While the Republican-controlled House of Representatives pursues the E-Verify program, the Democratic-controlled Senate is leery. A hearing Tuesday seemed designed to demonstrate the Senate’s skepticism as well as E-Verify’s alleged dangers.
“The existing challenges we face in securing a stable work force will pale in comparison to the devastating impact of E-Verify legislation in the absence of a workable labor program,” Tom Nassif, president of the California-based Western Growers Association, told a Senate panel.
E-Verify is a voluntary program that about 250,000 employers use to electronically check eligibility to work in the United States. A House bill would make the program mandatory, a step that some states already have taken. California is not one of them.
Nassif joined Arturo Rodriguez, president of the United Farm Workers of America, and others Tuesday in urging the Senate Immigration, Refugees and Border Security subcommittee to resist the House’s mandatory nationwide E-Verify proposal.

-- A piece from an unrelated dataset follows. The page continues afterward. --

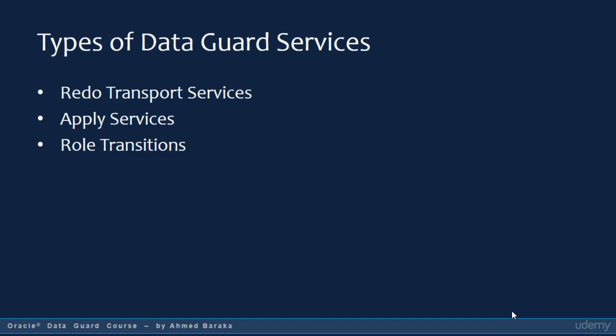When you have Data Guard in action, you would have the following services: RedLog Transport Services, which is responsible for sending the RedLog blocks from the primary database to the standby database; Apply Services, which is responsible for applying the received RedLog blocks into the standby database; and Role Transitions. We'll talk about the first two in this lecture and Role Transitions in the next lecture.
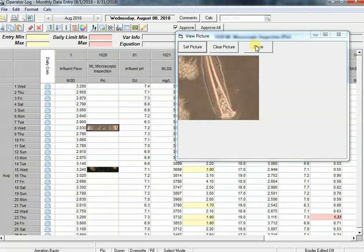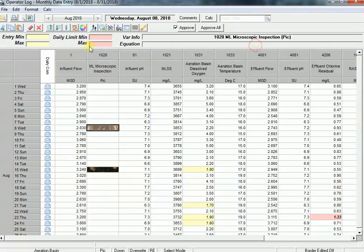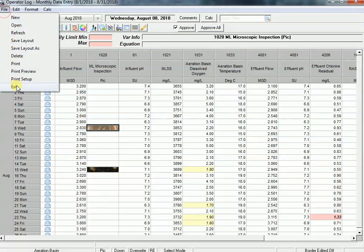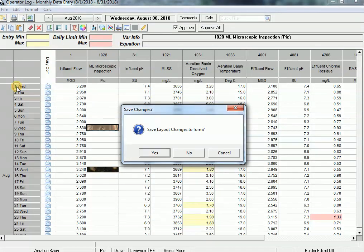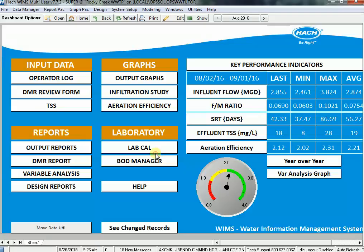I'm going to close this window and exit. It's going to ask me if I wanted to save the layout changes to the form because I added this parameter. I say sure, yes. Let's do that.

The powerful Democrat who leads the Senate panel, Sen. Charles Schumer of New York, blasted the House’s E-Verify legislation as a “death sentence” for many U.S. farms. A motivated Schumer is well-positioned to impede the House bill.
Roughly 1.4 million farmworkers are employed on U.S. crop farms annually. Illegal immigrants account for as many as 60% or more of them, Ronald Knutson, a Texas A&M University emeritus professor, told the panel Tuesday.
Acknowledging the demographics of this population, some senators want to link employee verification to a broader agricultural guest-worker plan. So far, both proposals appear caught in the same immigration gridlock that has long stymied Congress.
Democratic Sen. Dianne Feinstein of California said that next week she will introduce her latest version of the guest-worker program dubbed AgJobs. For the past decade, some lawmakers have proposed an AgJobs program to grant legal residency to more than 1 million foreign-born farmworkers and family members.